254 reviews2 followers
July 25, 2013
Meh.
I'd love to leave it at that. But it wouldn't be fair.

"I could start this story with the sentence: 'Right now, somewhere in the city, my executioner is frying eggs."(99) * Lanata leaves the punch 'til the end. Most of the short stories in this book provoke the "meh". I was looking forward to the story based on Cortázar´s time in Mendoza, having walked those halls myself,and being such a fan of Cortázar. It was almost there. The other story, based on Raymond Carver´s travels to Argentina, is close, as well (although I´ve never read Carver, so I can´t say if it approximates in any way his style or is good as an homage). The title story also comes sooo close, and I still have to think about that one some more.

But the last story, really more of a meta-testimonial, begins with the line above and packs a punch.

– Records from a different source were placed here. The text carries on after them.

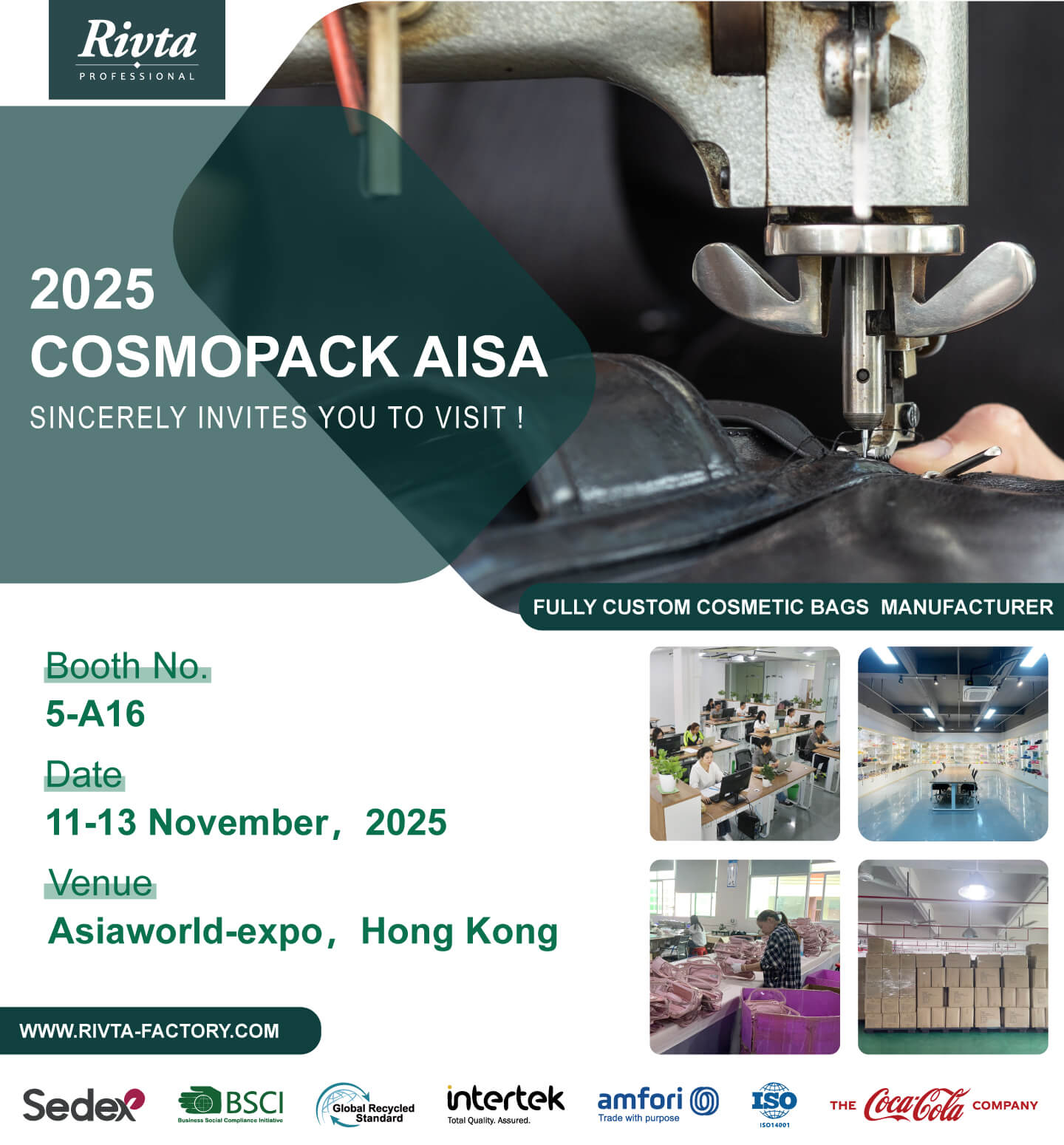 The Rivta team preparing their booth for Cosmopack Asia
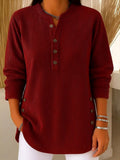 Full Size Ribbed Half Button Henley Top Plus Size - Lara Moda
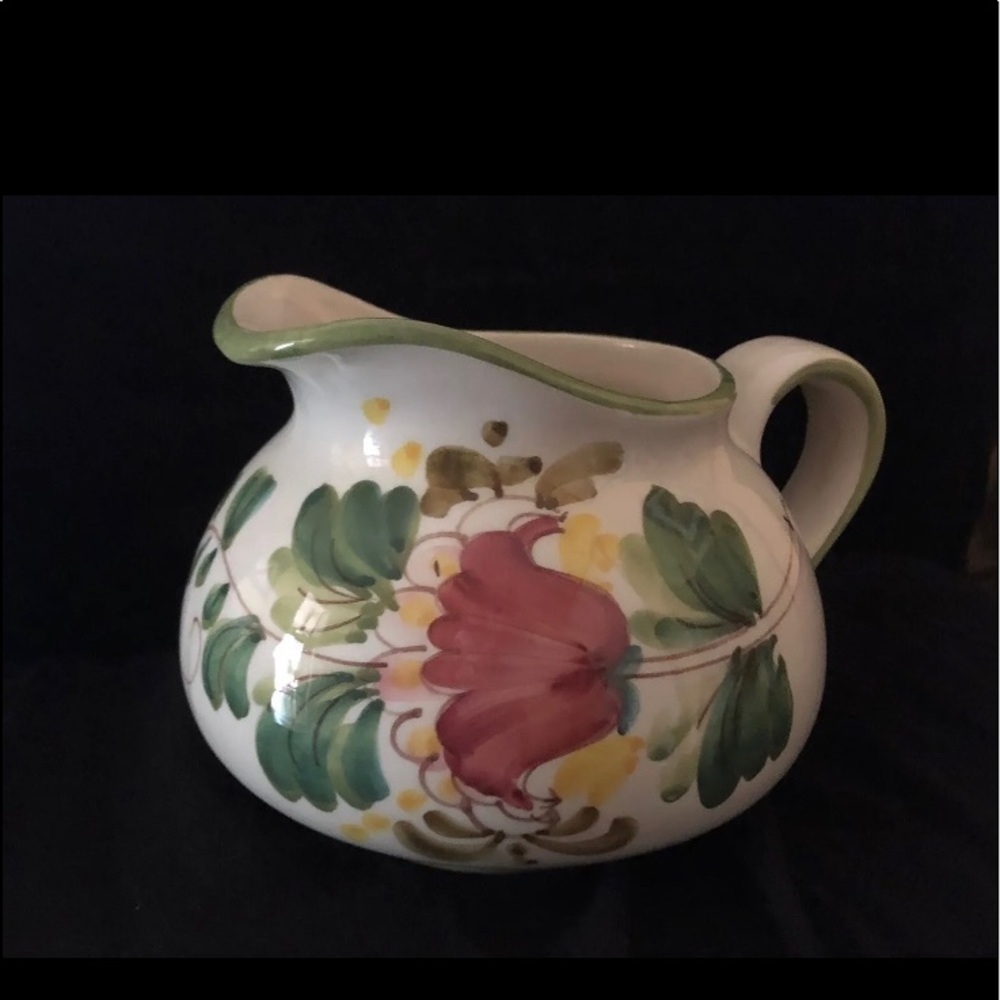 VINTAGE🇮🇹 FTD HAND PAINTED FLORAL  PITCHER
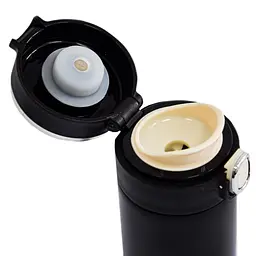 Чорна термокухоль з датчиком температури "Vacuum cup", термочашка для кави (420 мл), чашка термос (ST) - мініатюра 2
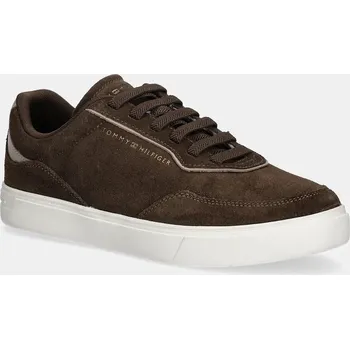 Dámská obuv Kožené tenisky Tommy Hilfiger CASUAL SUEDE SNEAKER FW0FW09050 hnědá 88X, EUR 36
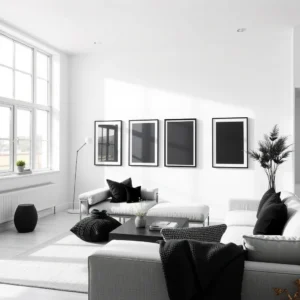 Read more about the article 22 Modern Minimalist Living Room Black and White Ideas
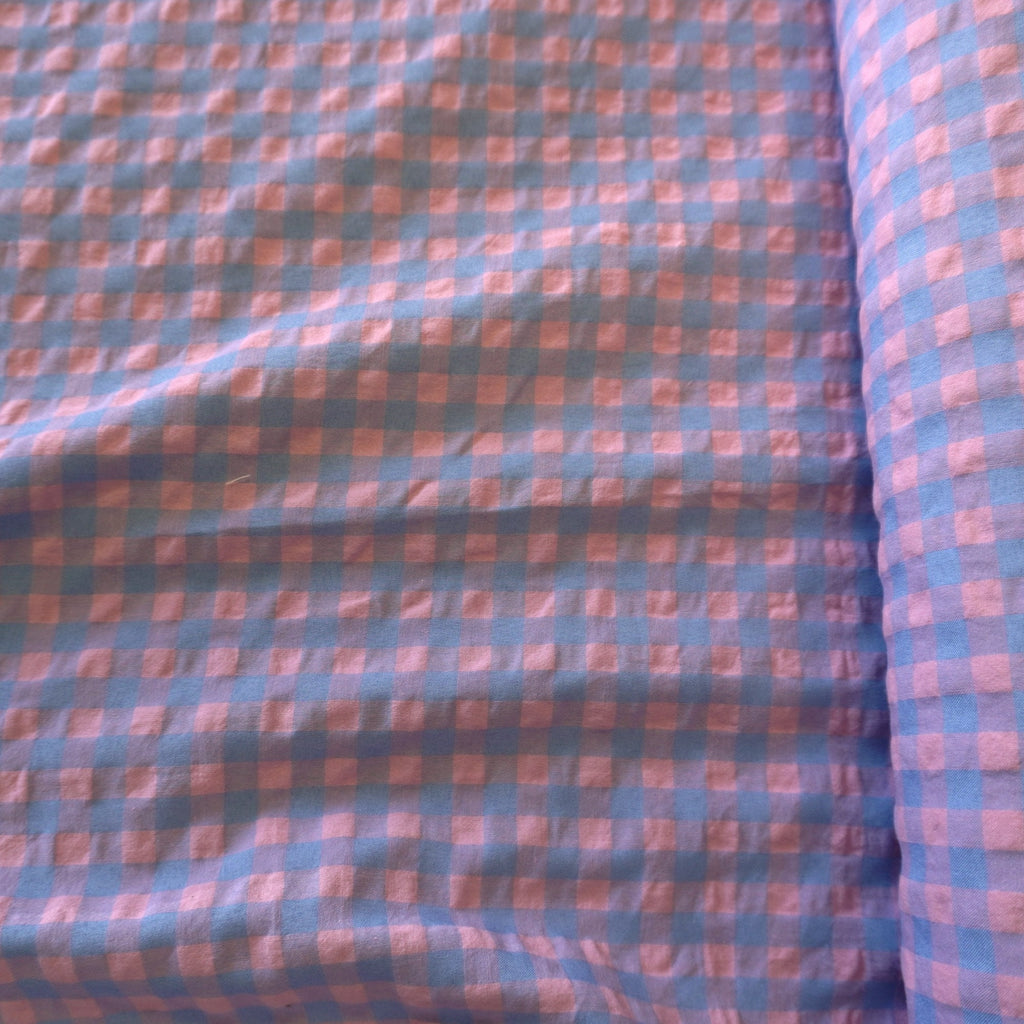 Yarn dyed cotton gingham - blue pink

Initially, when recounting how the factions of the UOM began splintering off and betraying each other, the story-surely based one of the author's newspaper pieces- reads like a contemporary Argentine Iliad: several pages are filled with the names of people who carried out this vendetta, and how they were related to or knew the others in the car, then we begin with the list of those suffering the vendetta, etc. You find yourself simultaneously trying to remember these names/details, as if they'd be crucially important in the last 7 pages, and telling yourself that it's like a Borges story: in the end, they won't be pivotal to the real story, so skim over them (I'm not trying to be at all dismissive of or insensitive to the fact that we're talking about real people who died, just looking at the way the story's structured).
It's when he leaves the newspaper story, and moves on to its aftermath, that Lanata communicates to the reader how the Dirty War didn't really end in 1985. The court case that his ¨executioner¨ filed against him for libel is officially over, and the man was pardoned for his war crimes as were many other officers of the time. But the wariness lingers: I've never seen him again. I don't walk against traffic, I don't watch my back and I'm not boasting about that, either. We get used to fear like we get used to failure, or to absence. It's such an all-encompassing feeling that it shapes us, until it reaches the point where it's the norm. It's strange, this city in which executioners and their victims can run into each other as they turn the corner."(122)
And yet, the awareness is there, the story is unforgotten, the possibiity remains: "Right now, somewhere in the city, my executioner is frying eggs."(123)
If we had halves, I'd probably leave it at 3.5/5.

*all translations, for better or worse, are mine.